The Lomonosov, scheduled for completion in 2010, is the first of seven plants the Russians have on the drawing board. The twin KLT-40 reactors on board can supply enough power to serve a city of 200,000 or desalinate up to about 313,000 cubic yards of seawater a day.
These floating power plants will run for 15 years before returning to Russia for refueling, and have a 40-year lifetime before they need to be decommissioned. Their singular advantage is their diminutive size – less material to create a catastrophe – and the fact that they are always surrounded by enormous amounts of water.
Some commentators, however, have expressed misgivings about the safety of the floating plants. Nils Boehmer, a Russian nuclear power industry expert, points out that such facilities have never been used before and present a whole range of unforeseen, and thus unimaginable, problems. Immediate problems Boehmer does anticipate include a lack of security infrastructure in the remote areas where the floating power plants will be operated, and an inability to maintain a full complement of nuclear engineers onboard.
Sergei Kiriyenko, head of the Russia’s Federal Atomic Energy Agency, (FAAE, formerly Minatom), differs, pointing to the Kursk nuclear submarine disaster in 2000. The Kursk was sunk and, when later raised, the reactor was unharmed and immediately put into action. In addition, getting a full crew of engineers to stay onboard a floating nuclear power plant requires the same reward/discipline structure currently employed on floating oil rigs; good food, hot showers, comfortable beds and guaranteed future unemployability when workers fail to show up or leave without permission.
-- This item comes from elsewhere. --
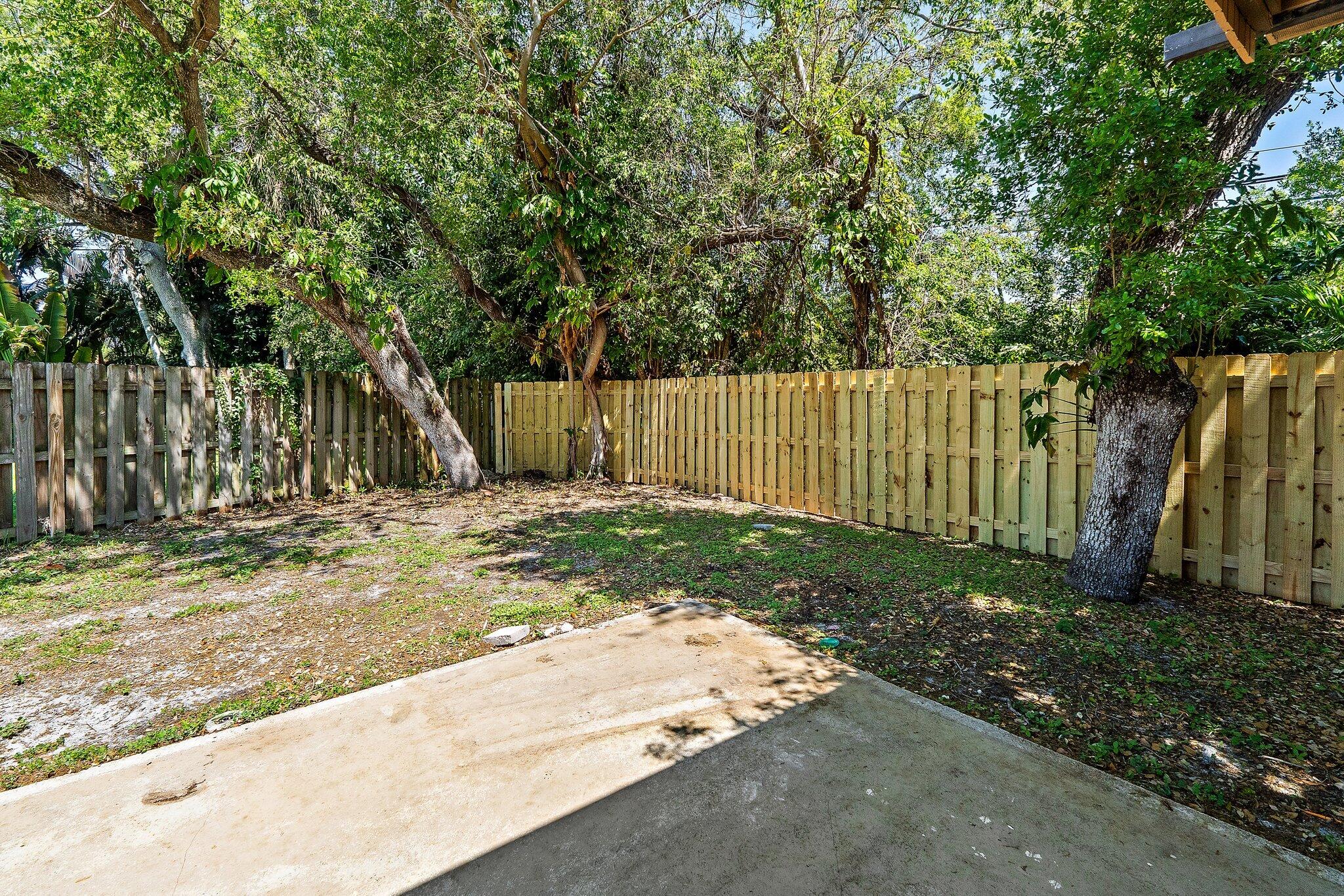 1007 Raintree Lane Palm Beach Gardens, FL 33410 - Photo 44 of 58 back yard 1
No one has mentioned the potential environmental degradation of the oceans if these floating plants are stationed near spawning grounds or in migratory pathways, where the discharge of heated water is likely to alter or destroy regional ecologies and the aquatic denizens who depend on them. Still, if we must have nuclear power, I’d prefer these floating adaptations, not so much because they are out of sight and therefore out of mind, but because their location makes containing the inevitable accidents easier, at least from a coolant standpoint.
Disclosure: I don’t own stock in any nuclear energy enterprise.